On the third day of this year’s NonCOMMvention — the annual gathering of public radio programmers and music industry professionals — attendees gathered for something we don’t see often enough in this industry, or any other. For one hour only, attention was directed to four women representatives for a panel discussion titled #ShePersisted — Women Pursuing and Achieving Success in Radio and the Music Industry.
The panel was moderated by The Current’s Lindsay Kimball and was comprised of Jessi Whitten of Colorado Public Radio, Liz Felix of BirdNote Radio and Shannon Kurlander of Terrorbird Media. Discussing a number of topics related to the lack of equal representation in music, they covered as much ground as they could in the time allotted, focusing dually on workplace gender imbalance in the music industry and the unequal ratio of male/female artists we hear on the air.
Only 10.5% of radio programmers are women. There is only one woman General Manager in all of public music radio. Many programmers don’t realize that women are a significant minority of the artists they play on their stations, but when they look at the numbers, they realize how skewed their ratio actually is. These aren’t easy problems to fix, but the panelists attempted to outline tangible and immediate first steps toward change — number one being for programmers to take look at both their playlists and their workplaces to realize. As some noted afterwards, the panel could have benefited from a more intersectional approach, as the inclusion of people of color, nonbinary people and other underrepresented demographics was mentioned only briefly, and these groups were noticeably absent in the audience, as well.

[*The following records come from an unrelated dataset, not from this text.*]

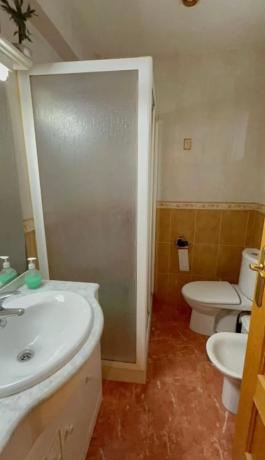 Piso en Partida la Ermita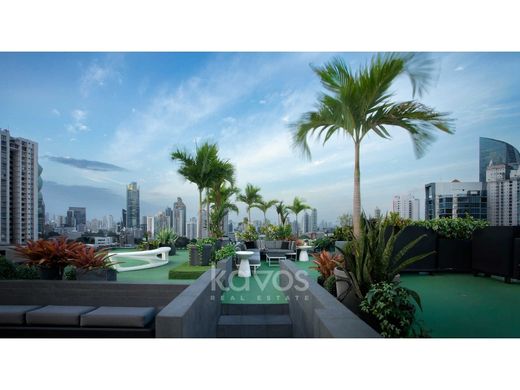 Penthouse in Paitilla, Distrito de Panamá
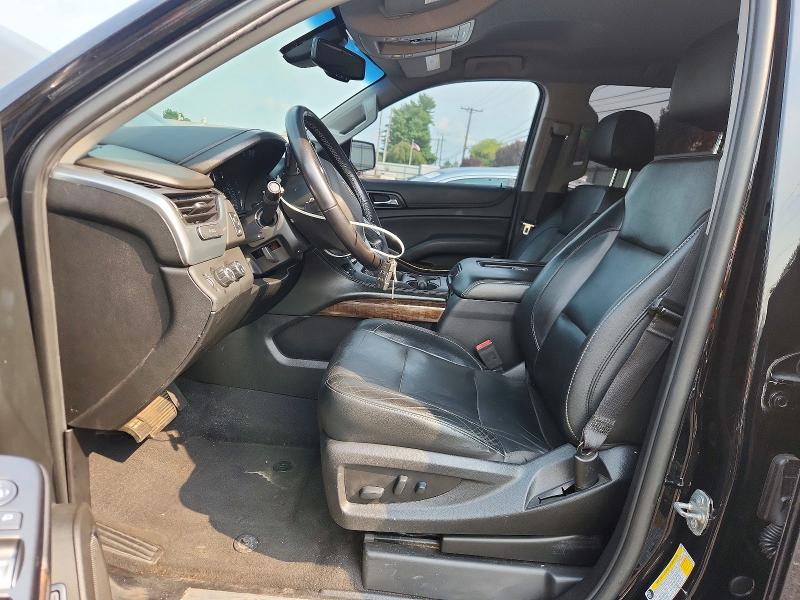 Aukcja sprzedaży 2019 Chevrolet Suburban, vin: 1GNSKHKC5KR138776, numer aukcji: 63445626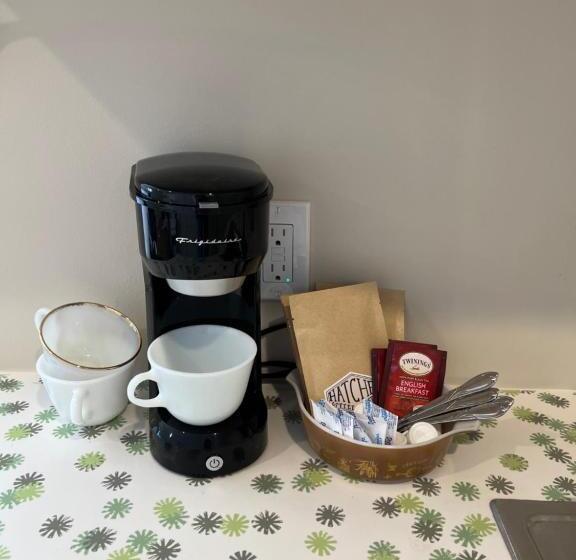 חדר דלוקס, Blue Ridge Tourist Court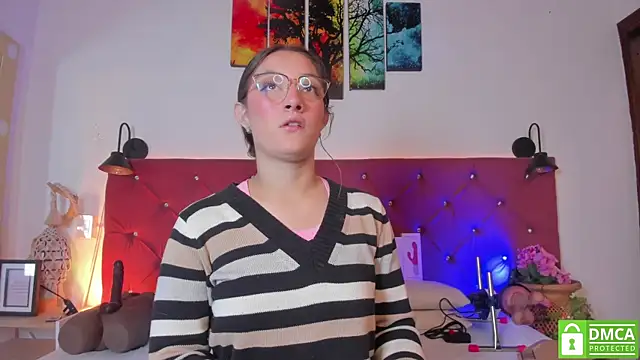 Ruth harvey  online show from 04-25-26, 12:41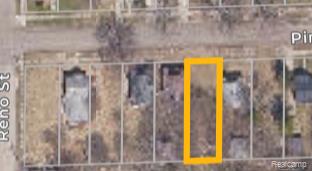 13832 Pinewood Street Detroit City MI 48205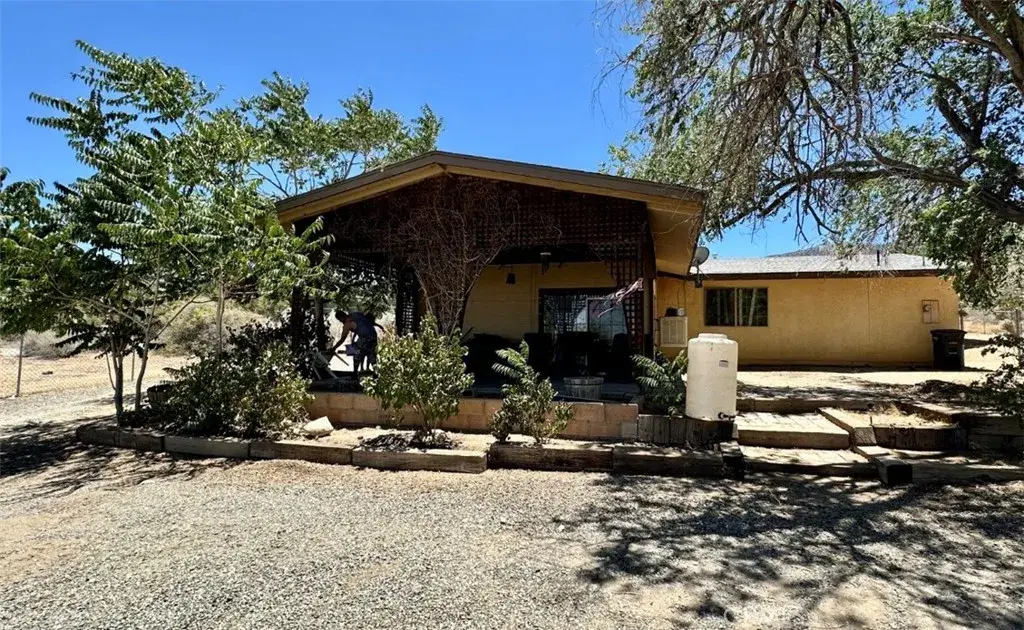 625 Tamarack Road, Pinon Hills, CA 92372 - Image #1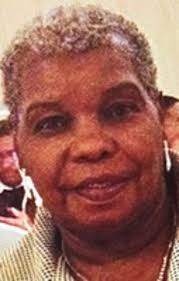 Ms. Mary N. McCain Obituary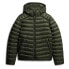 Фото #1 товара SUPERDRY Fuji Sport Padded jacket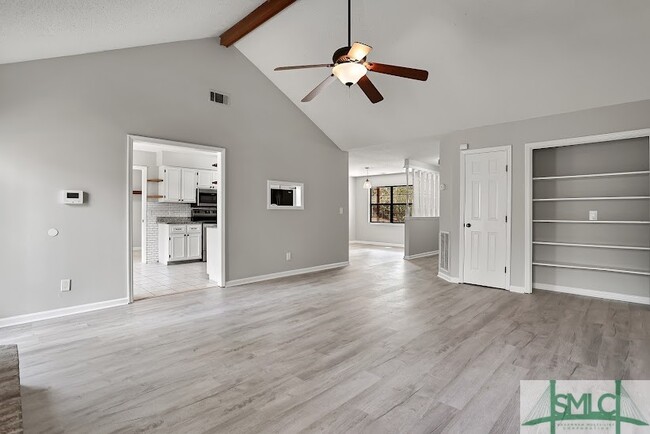 property at 208 Miner Dr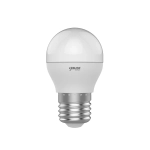 Лампа Gauss LED Basic Шар 7,5W E27 670lm 3000K 1053218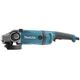 Угловая шлиф.машина MAKITA GA 9040SF01, 2.6 кВт, 230 мм, 6600 об/мин, 5.5 кг, плавный пуcк, изображение 4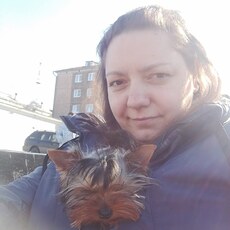 Фотография девушки Настя, 39 лет из г. Братск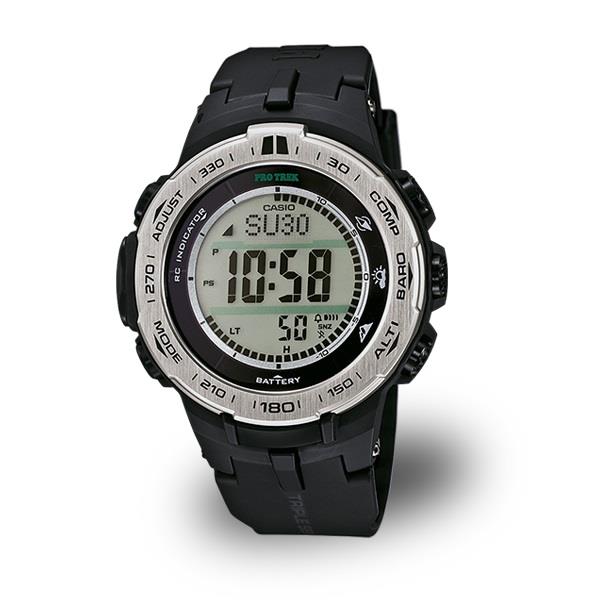 Orologio Casio - Pro Tek Ref. PRW-3100-1ER - CASIO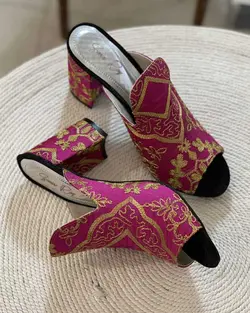 Indian Heels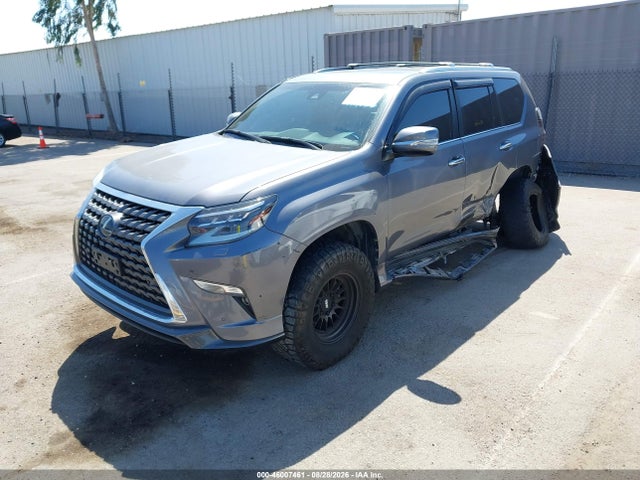 Lexus Gx 460 Premium 2023 JTJAM7BX9P5344559 Image 2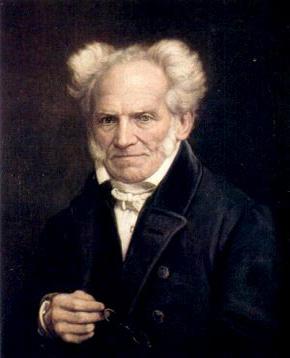 Arthur Schopenhauer — Wikipédia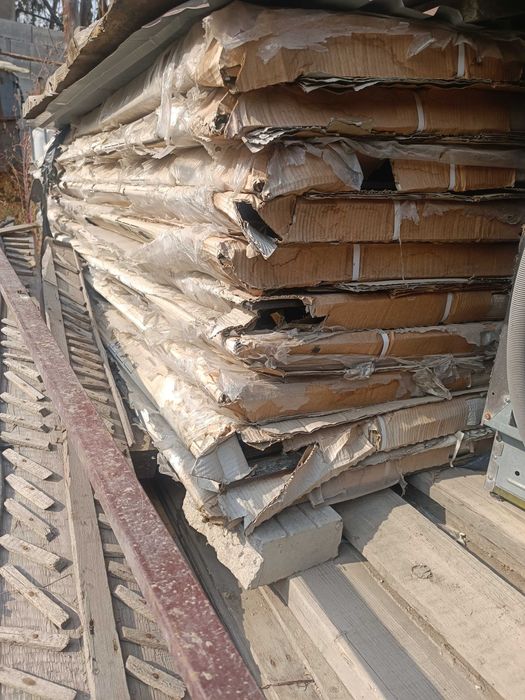 Металлические двери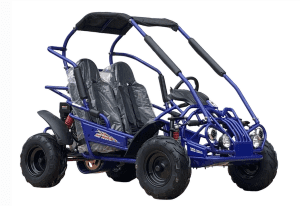 TrailMaster MID XRX-R GoKart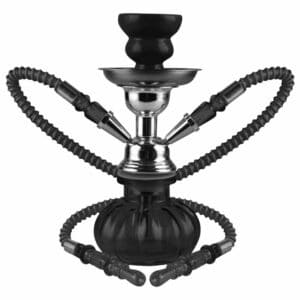 Buy The Pumpkin 2-Hose Premium Hookah in australia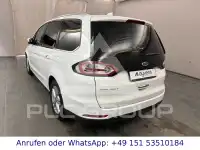 2022 Ford GALAXY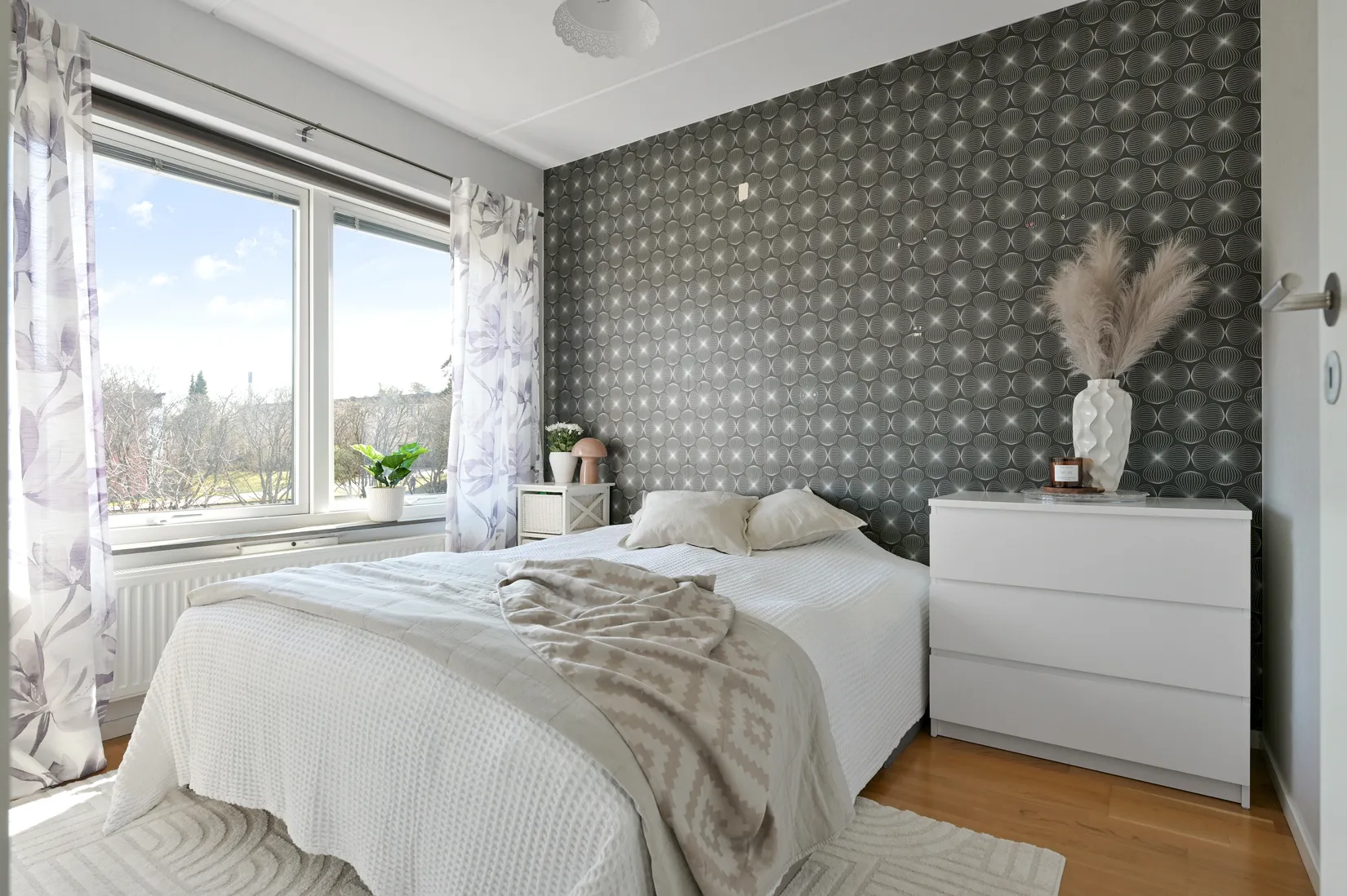 Bostadsrätt, Axel Wennergrens väg 8, Centrala Tyresö, Tyresö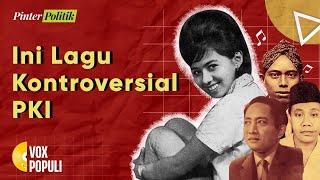 Download lagu The Story of Genjer-Genjer: The Mystery of the PKI's Banned Song mp3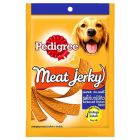 Pedigree Meat Jerky Barbecued Chicken Adult Dog Meaty Treat - 80 gm
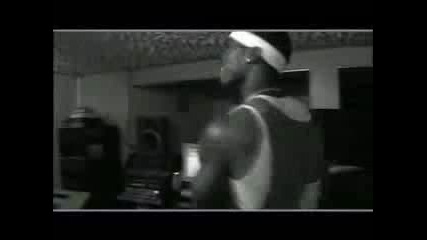 50 Cent - Back Down (unseen)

During the following question and answer session, several audience members rose to add their thoughts. Several industry veterans spoke briefly, but each said that they both had so much more they could say, remembering the days when it was even worse but emphasizing how far we still have to go. Younger women in various facets of the industry spoke to the challenges they’ve faced trying to establish their careers and be taken seriously when people assume that they’re the intern or someone’s daughter. It was a productive discussion, but one which many felt was dampened by an uncomfortable moment at the very end. After the last question had been asked, a man in the audience made his way to the microphone to add a comment — which many saw as both unnecessary and an indication that maybe he hadn’t been listening to the panel and its points (like giving women space to have their voices heard) at all.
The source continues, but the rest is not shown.